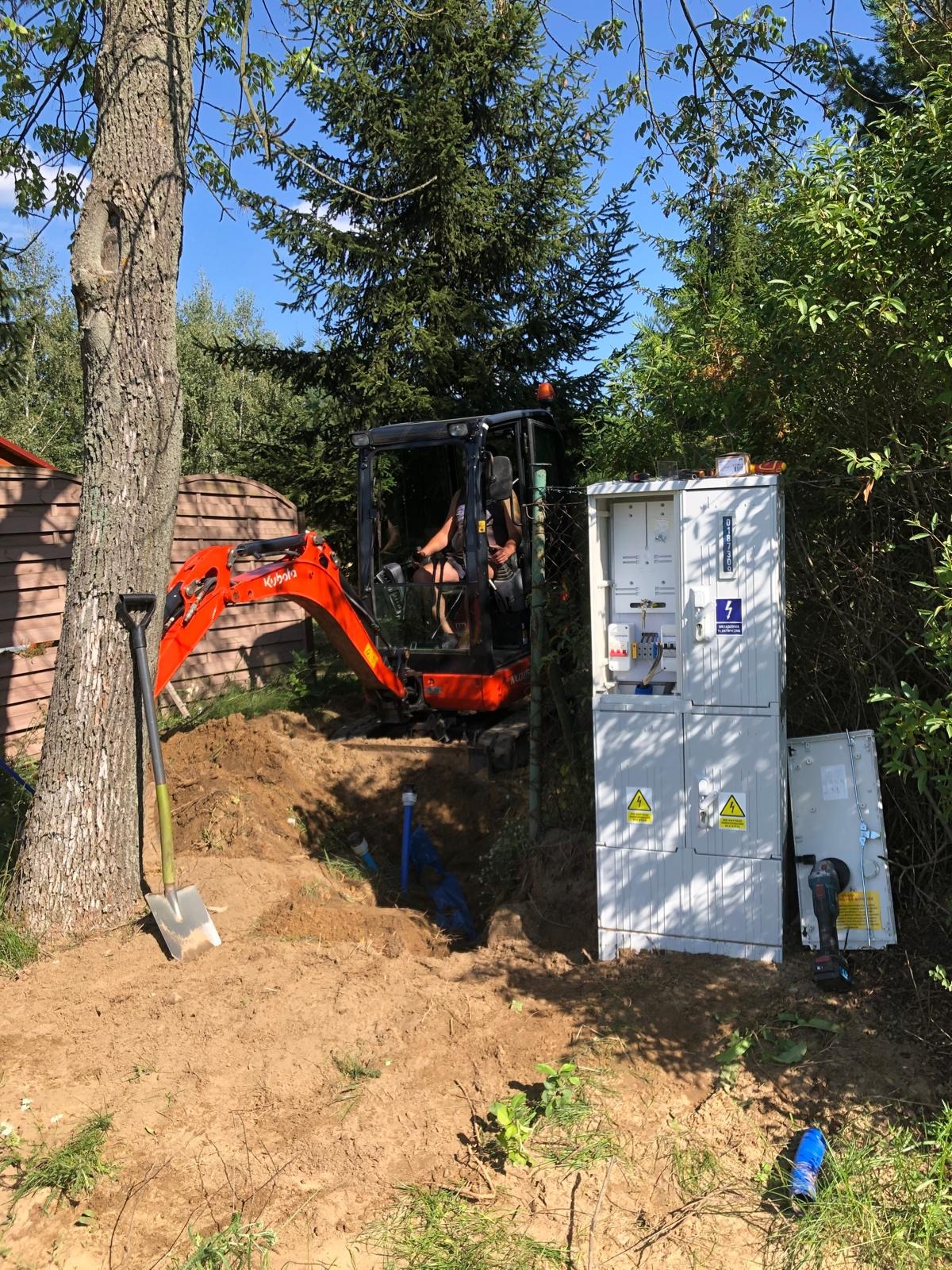 Prace ziemne minikoparką Kubota przy szafie elektrycznej z otwartymi drzwiczkami, widoczne niebieskie rury w wykopie i łopata oparta o drzewo.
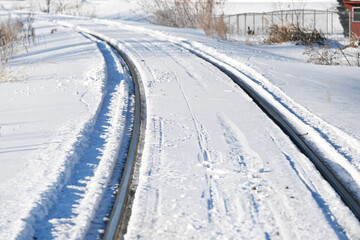 Fototapeta na wymiar Railroad Tracks in Snow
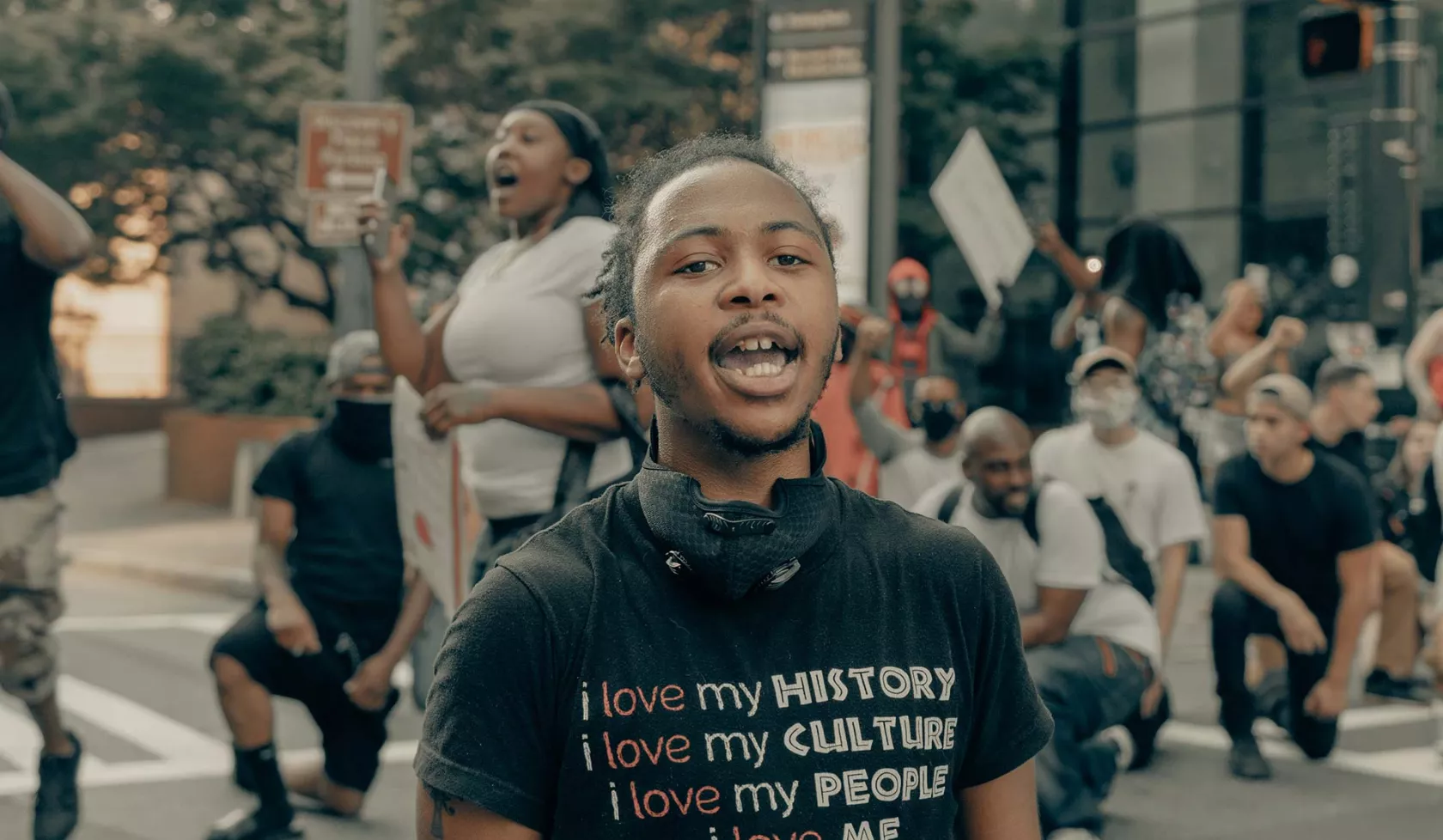 Young Black Male - Outdoors - in protest or rally - speaking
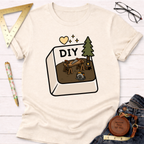Women's funny woodworking graphic tee shirt for female woodworkers, makers, and DIY builders — Sawdust & Ponytails. Cream t-shirt with a "DIY" computer key graphic featuring a workbench, saw, tree, and circular saw.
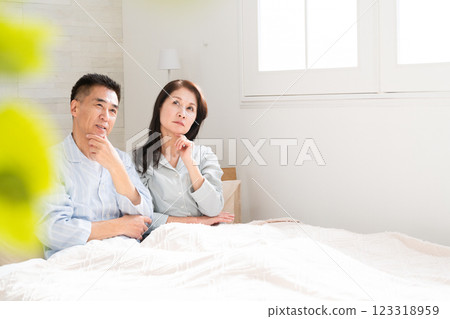 A couple waking up and having a conversation in bed A couple waking up and having a conversation in bed 123318959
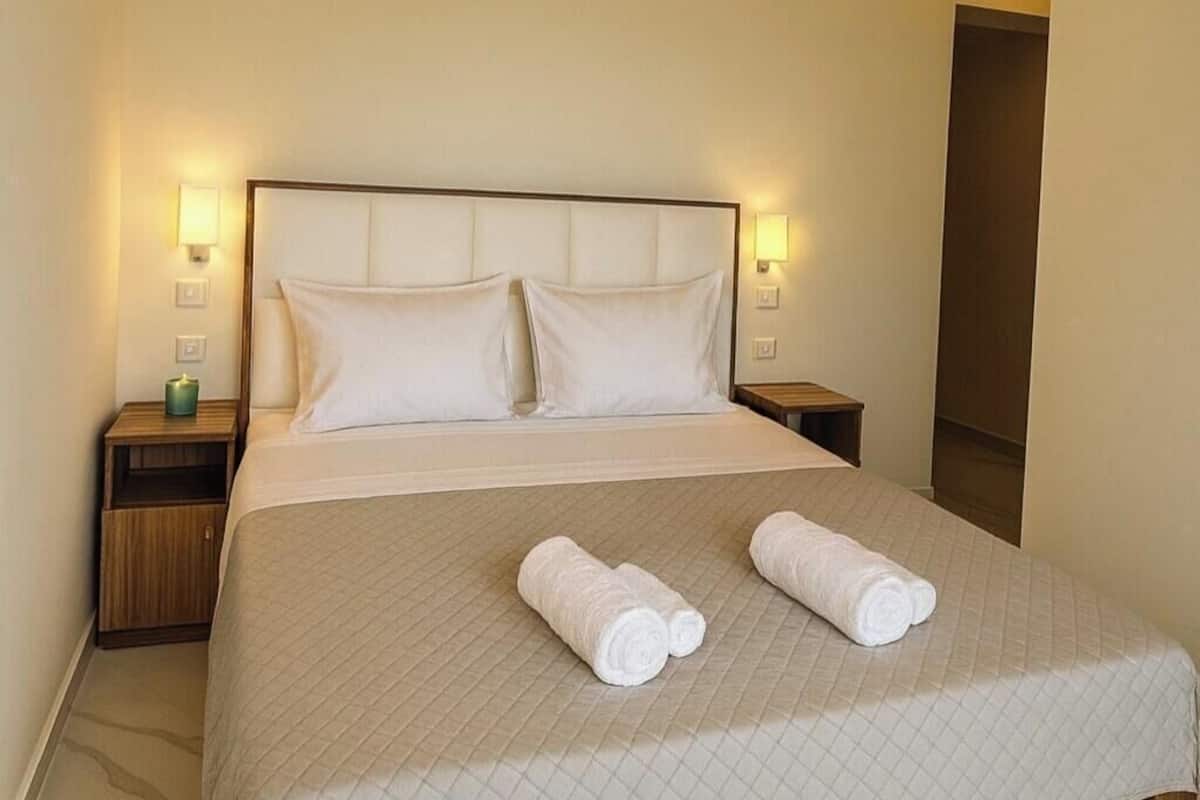 Una habitación de hotel con una cama, dos mesitas de noche y una lámpara de noche.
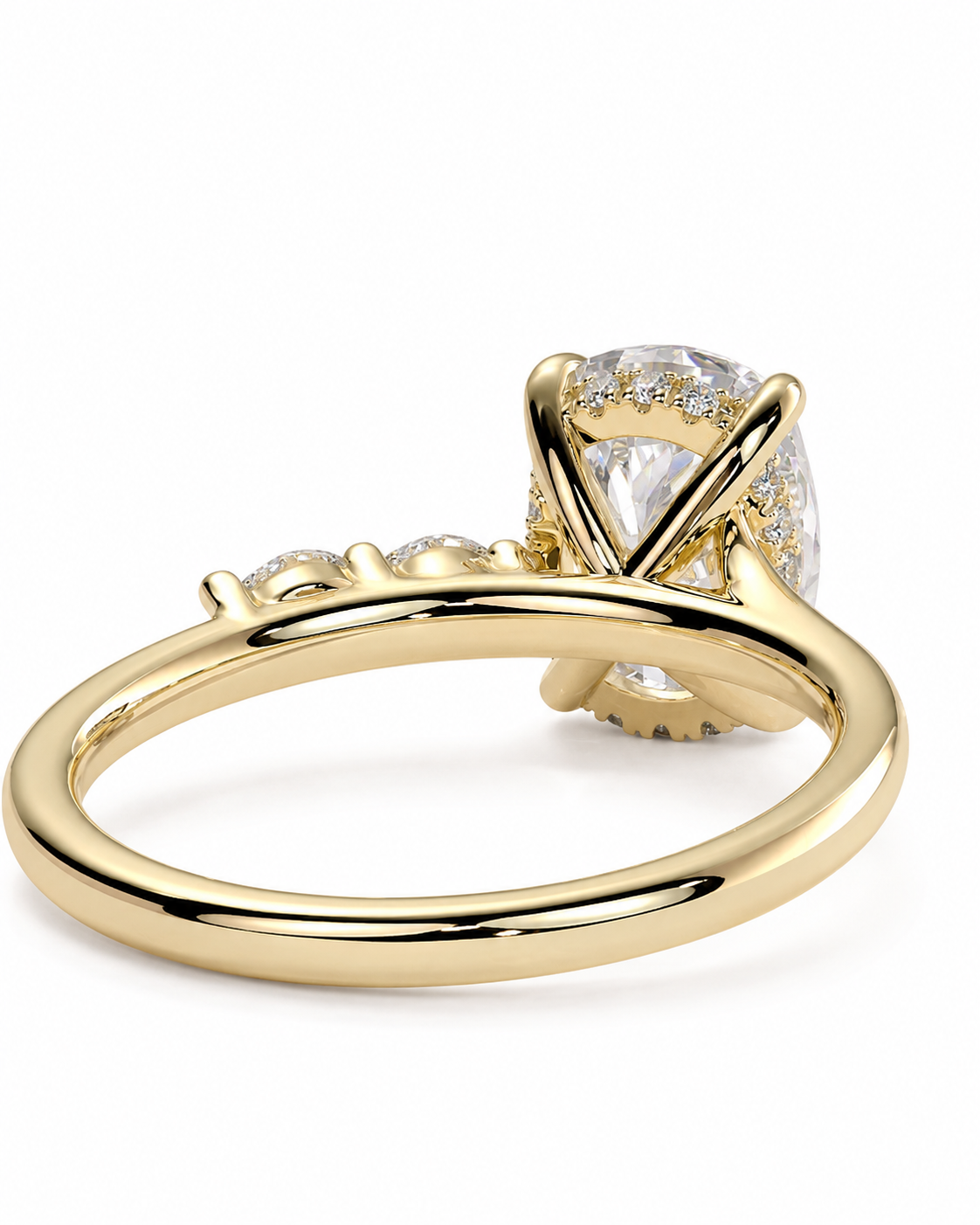 color_10K_YG, color_14K_YG &&
A yellow gold solitaire engagement ring featuring a round brilliant-cut clear center stone in a prong setting, with a pave band accented by small round stones, shown on a white background.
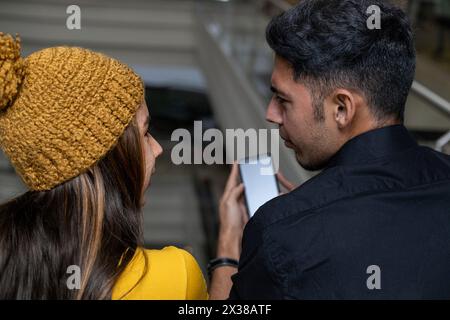 Due giovani latinoamericani in piedi con le spalle a parlare, commenta qualcosa che ha visto sul suo cellulare. Indossa un cappello giallo A. Foto Stock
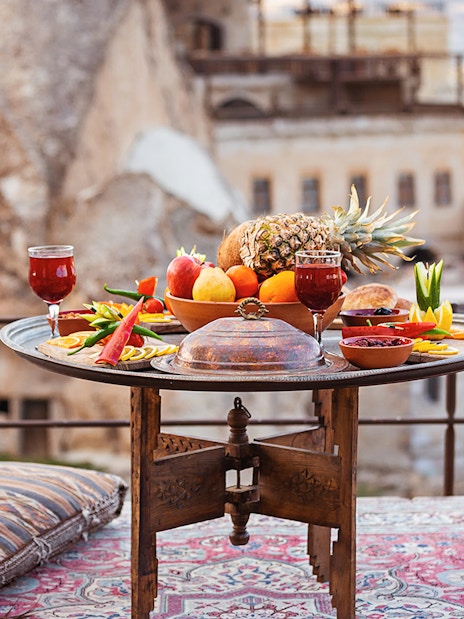 Traditional Turkish breakfast spread with fruits and drinks on a terrace in Cappadocia.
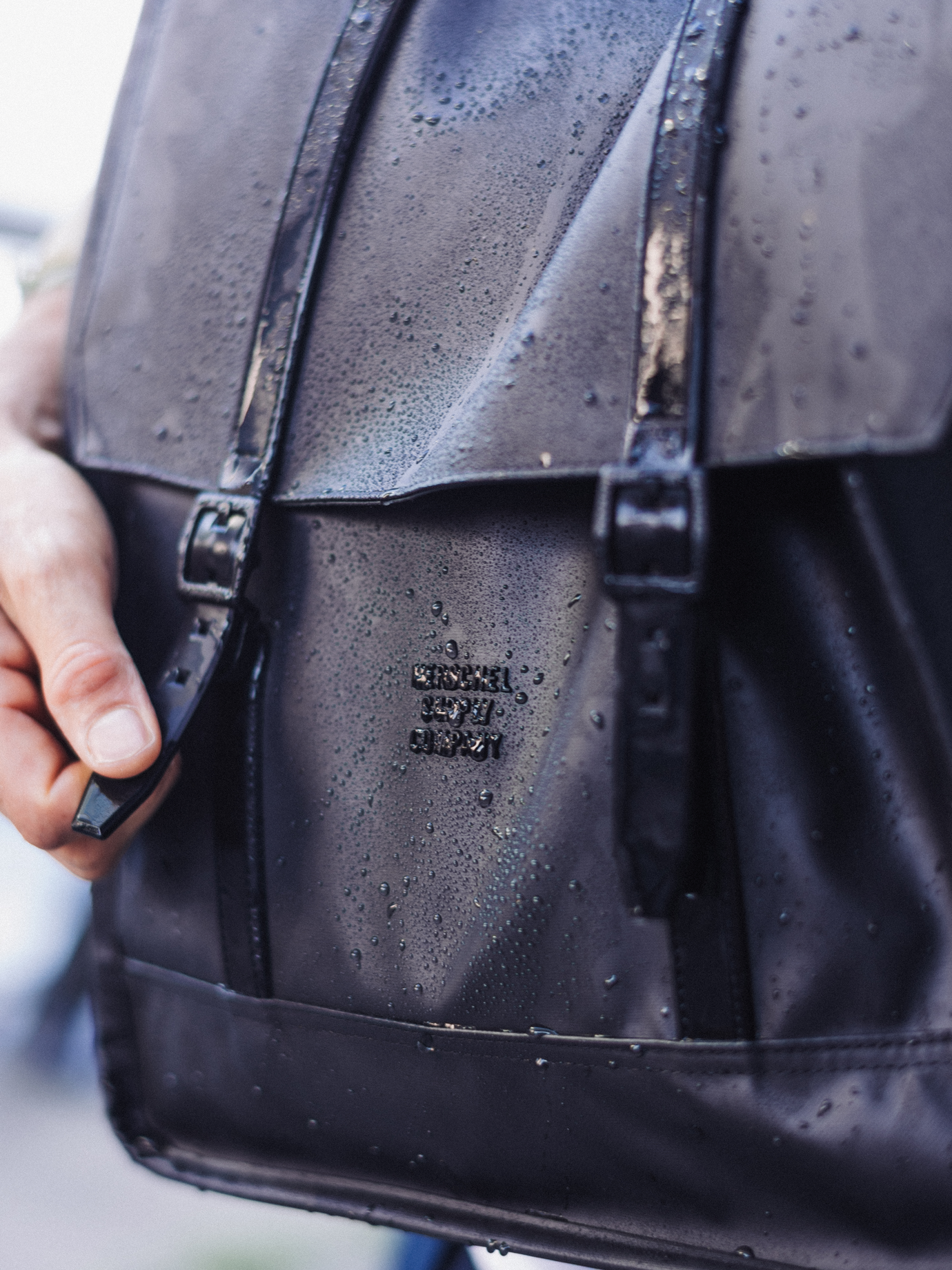 Herschel Supply Co. x Realtree limited-edition collection essential bags, apparel, and accessories arranged together in the APX camouflage pattern.
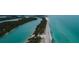Picturesque aerial view of a waterway leading to the ocean, showcasing the area's natural beauty at 1551 Beach Rd # 212, Englewood, FL 34223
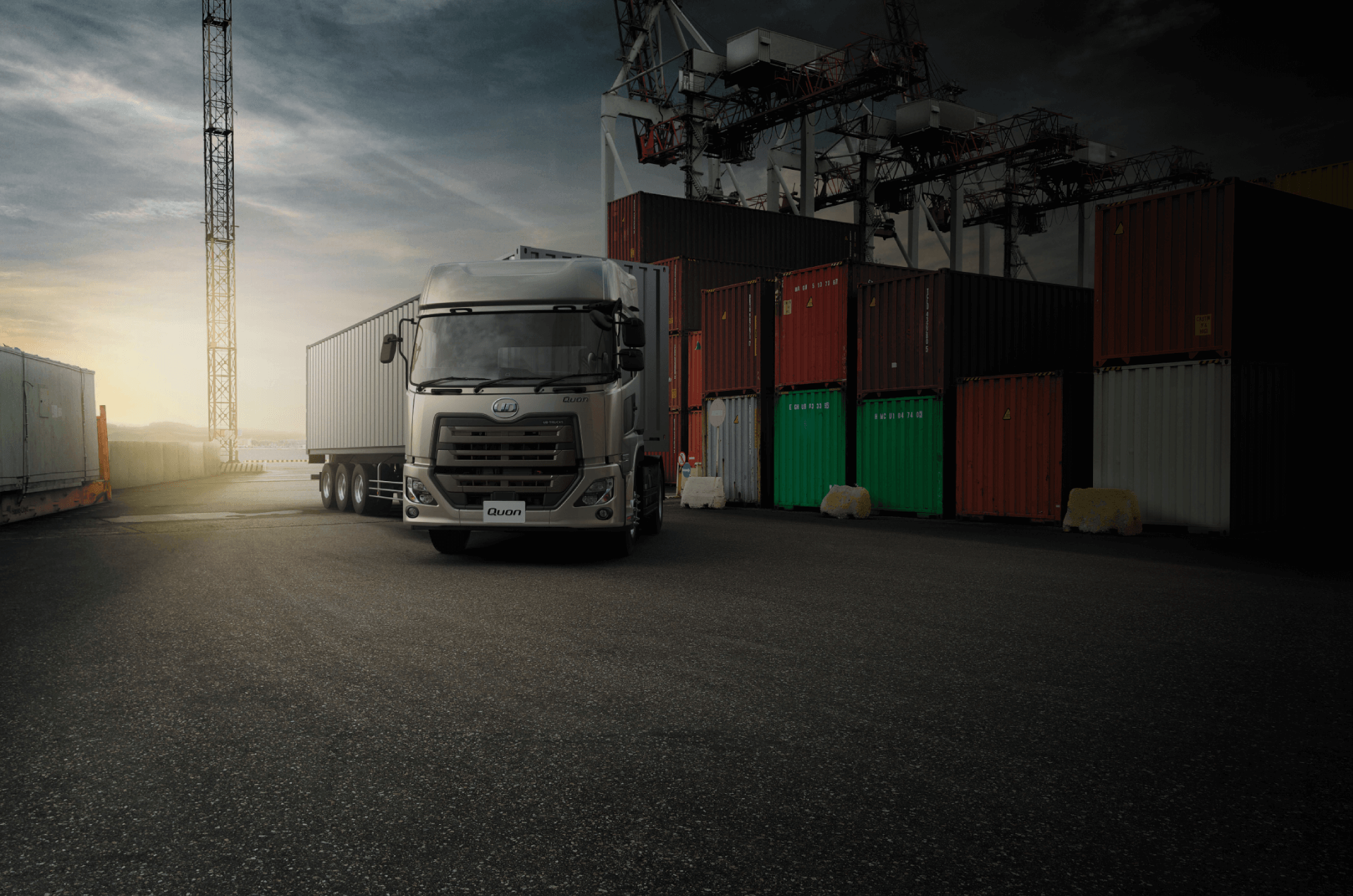 港でコンテナを積んだトラックが夕暮れ時に停車している。
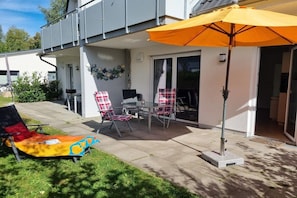 An outdoor patio area with a table and chairs, a sun lounger, and a large umbrella. - Holiday apartment with 2 bedrooms (Zinnowitz)
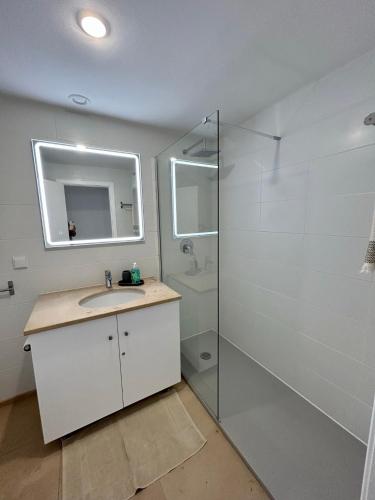 a bathroom with a shower and a sink and a mirror at Lido Casa by Olá Madeira in Funchal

Problem to solve: Your task is to restate word for word the lines from the line holding "An outdoor patio" through the final line of the listing, both included, but none of the pictures.

Written solution:
 An outdoor patio area with a table and chairs, a sun lounger, and a large umbrella. - Holiday apartment with 2 bedrooms (Zinnowitz)
 a bathroom with a shower and a sink and a mirror at Lido Casa by Olá Madeira in Funchal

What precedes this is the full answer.